One of the fundamental questions for climate scientists is the extent to which solar output may vary in the future. The sun’s all-encompassing effect on Earth’s atmosphere means that even slight changes in irradiance can have significant implications for global climate.
|Small variations in solar irradiance can have significant impacts for Earth’s climate
[Credit: NASA Solar Dynamics Observatory]
However, scientists can only hypothesize about the average magnitude of variability as the sun moves from one approximately 11-year solar cycle to the next. They have amassed several decades of satellite observations. But although such observations are designed to be precise, they are not entirely accurate and cannot reveal potential changes in the sun’s output during past events such as the Maunder Minimum of the 1600s and early 1700s, a time of unusually low sunspot activity.
If observations of the sun don’t go back far enough in time to provide data about its variability, what options are left?
A team of researchers at the National Center for Atmospheric Research (NCAR) and Tennessee State University has come up with a novel approach. Rather than focusing on the sun, they analyzed existing data from an array of telescopes trained at 72 sun-like stars.
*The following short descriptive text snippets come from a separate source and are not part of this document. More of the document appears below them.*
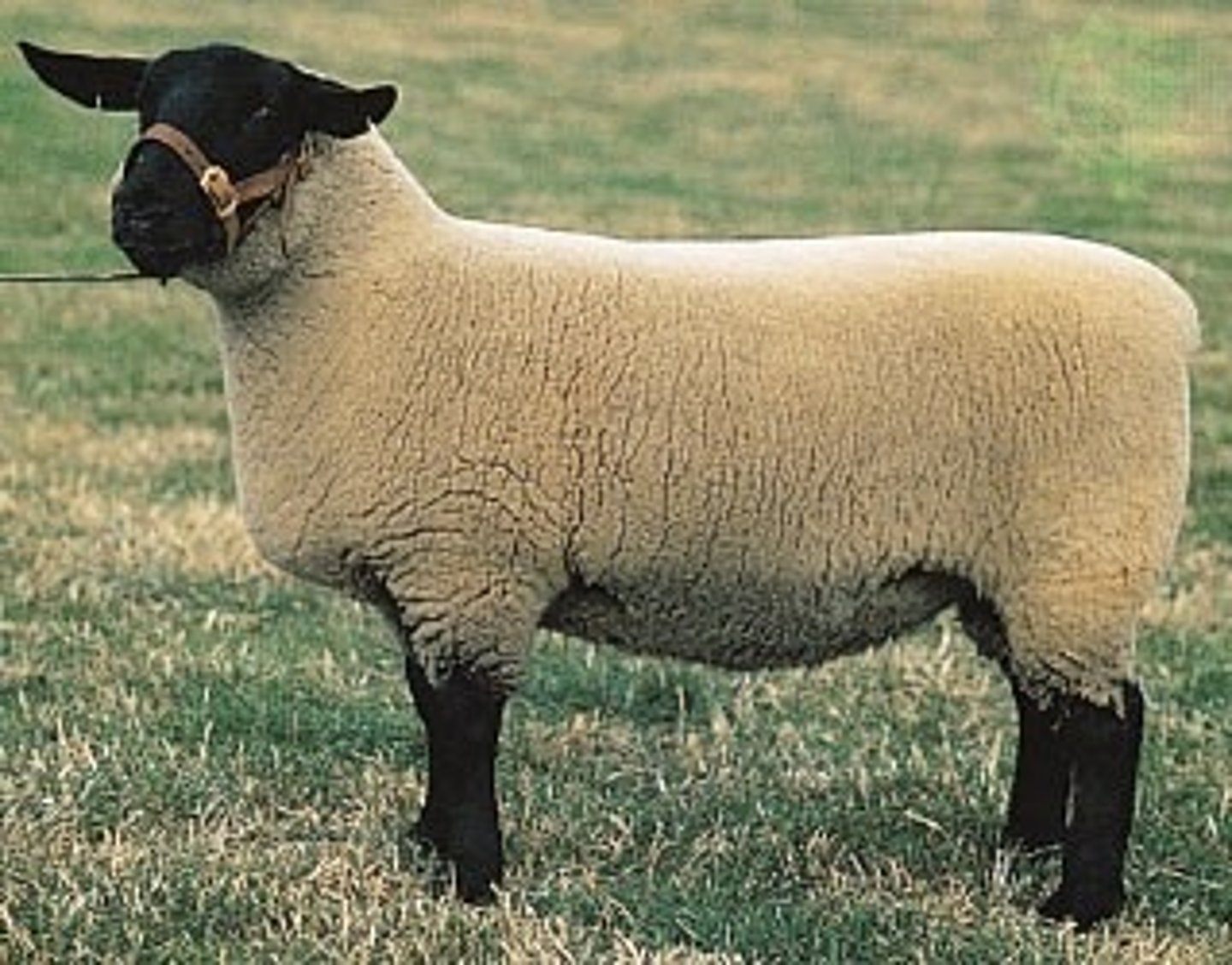 <p>- Large framed, heavy muscled paternal breed</p><p>- Clean head (no wool cap) and black face</p><p>- Originally from England and is one of the most popular farm-flock breeds and terminal sire breeds in the US</p>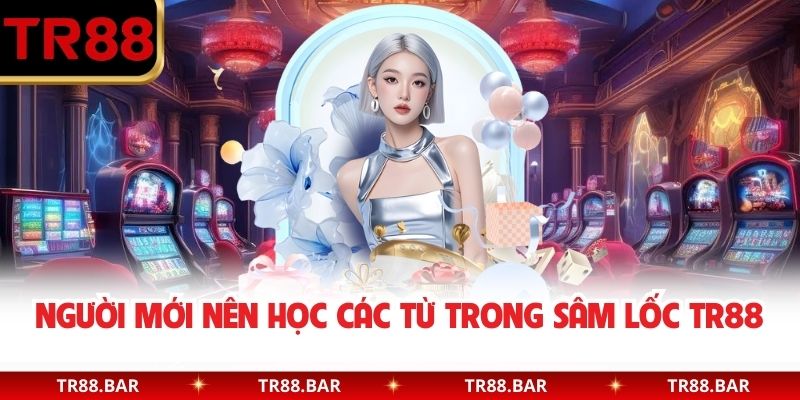 Người mới nên học các từ trong Sâm Lốc TR88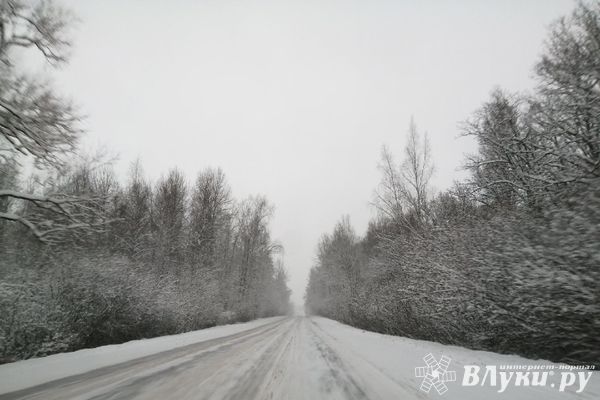 Прогноз погоды на 8 декабря в Великих Луках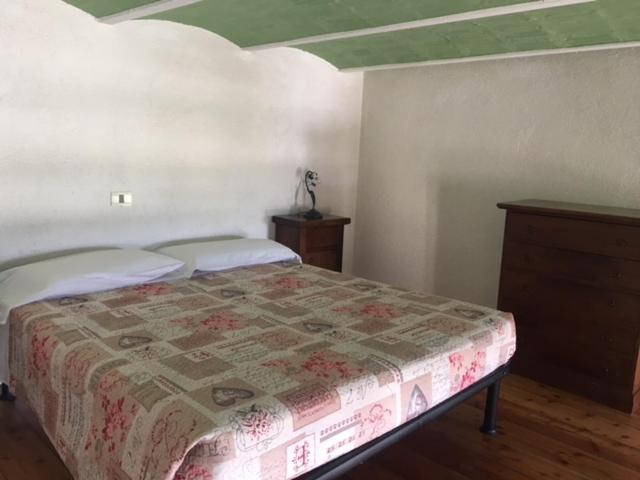 ドゥプレックスルーム, Setterhouseagri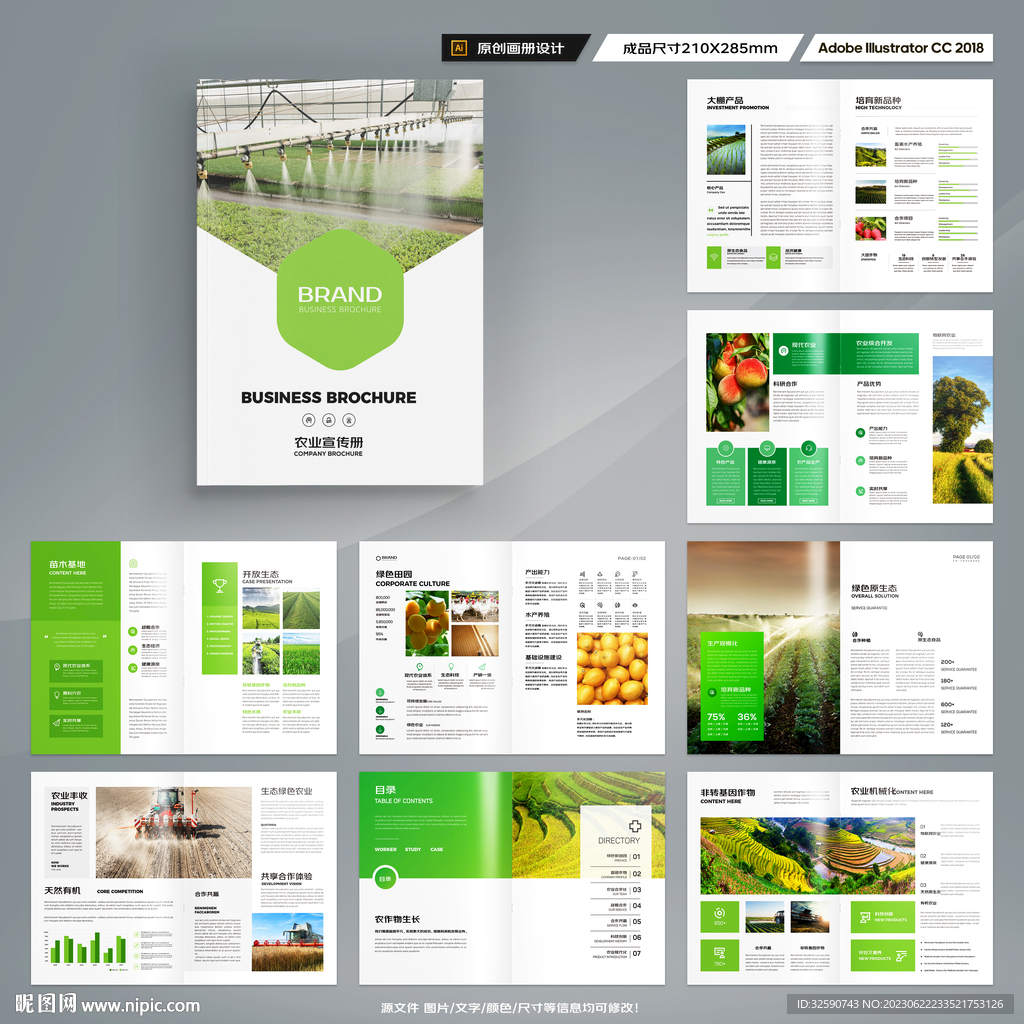 农产品宣传册
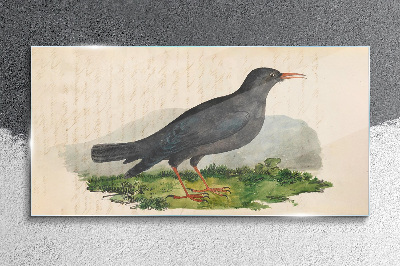 Glasbild Vogel auf grünem Hintergrund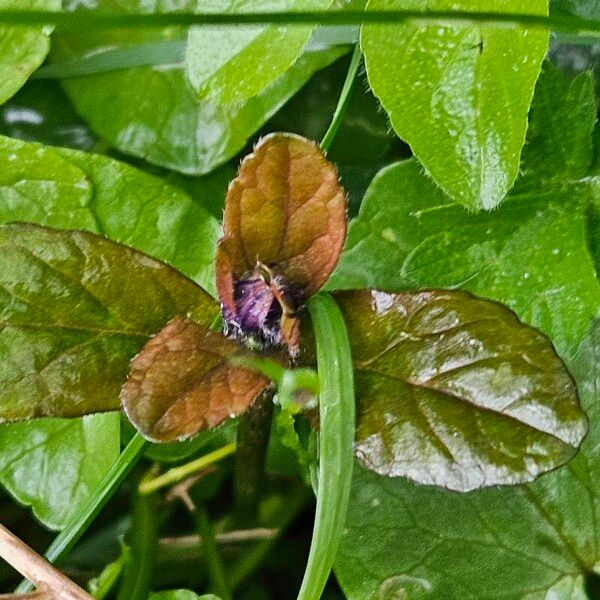 Ajuga reptans पत्ता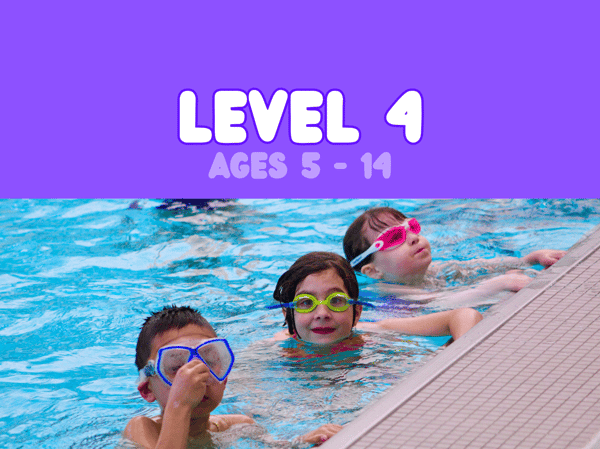 Picture for: Level 4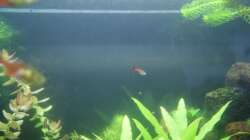 Besatz im Aquarium Fish and Shrimp (aufgelöst April 2018)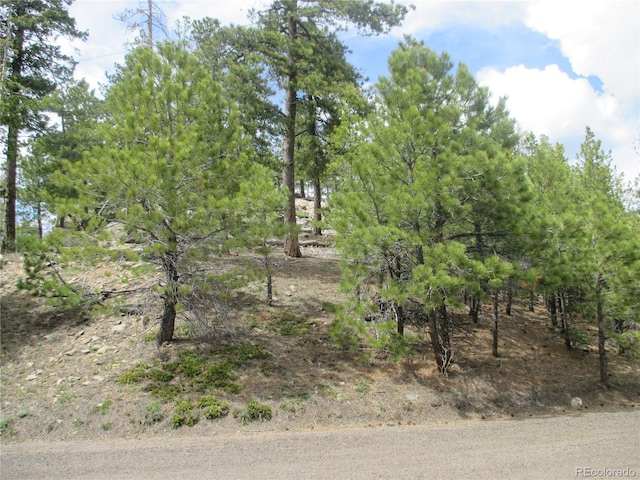 19722 Maxwell Dr, Morrison, CO 80465 - photo 35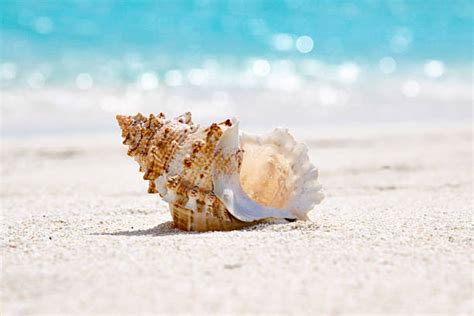 Best Animal Shell Stock Photos Pictures And Royalty Free Images Istock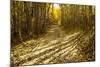 Aspens Lining Kebler Pass Road-Darrell Gulin-Mounted Photographic Print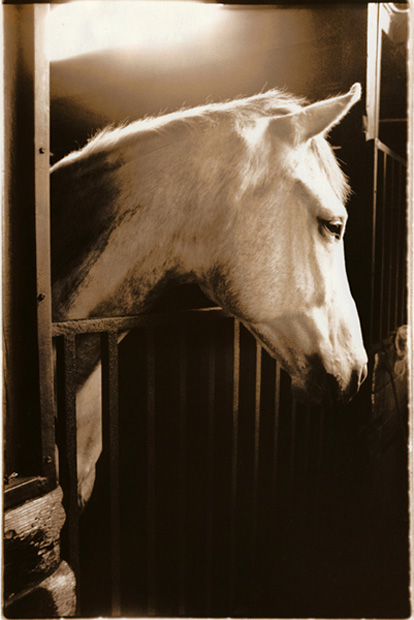 MagicalHorse - 1991
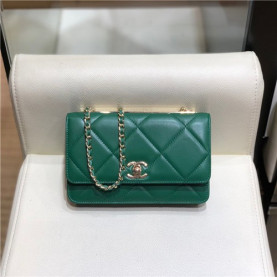 CHANEL 샤넬 WOC 19CM AS5005 신상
By applying statistical techniques to the observations, taken from 1993 to 2017, they have assembled a picture of the sun’s variability that’s statistically equivalent to observations stretching back to 1750.
“These long-term data sets of stellar observations can say important things about the stars, the sun, and Earth’s climate,” said NCAR scientist Ricky Egeland, a co-author of a recent study about the research. “These are the kinds of observations that, if they continue, can improve our fundamental understanding of solar variability and Earth’s climate.”
Narrowing the range
The research team’s initial findings indicate that variations in total solar irradiance since 1750 average 4.5 watts per square meter, or W m-2 (a standard measure used by climate scientists to measure the extent of solar heating of Earth’s atmosphere).
The authors cautioned that this number will likely decline substantially with future observations because, statistically, the longer a variability is measured, the less its average changes over time in most cases. (To understand why, imagine that you’re calculating the average change in daily high temperatures in a particular city. If you only measure two days, one in the winter with a high of 20 degrees and the other in the summer with a high of 90, then the average variation is 70 degrees. But if you keep measuring on the same days for years, that average variation will drop to less than a degree.)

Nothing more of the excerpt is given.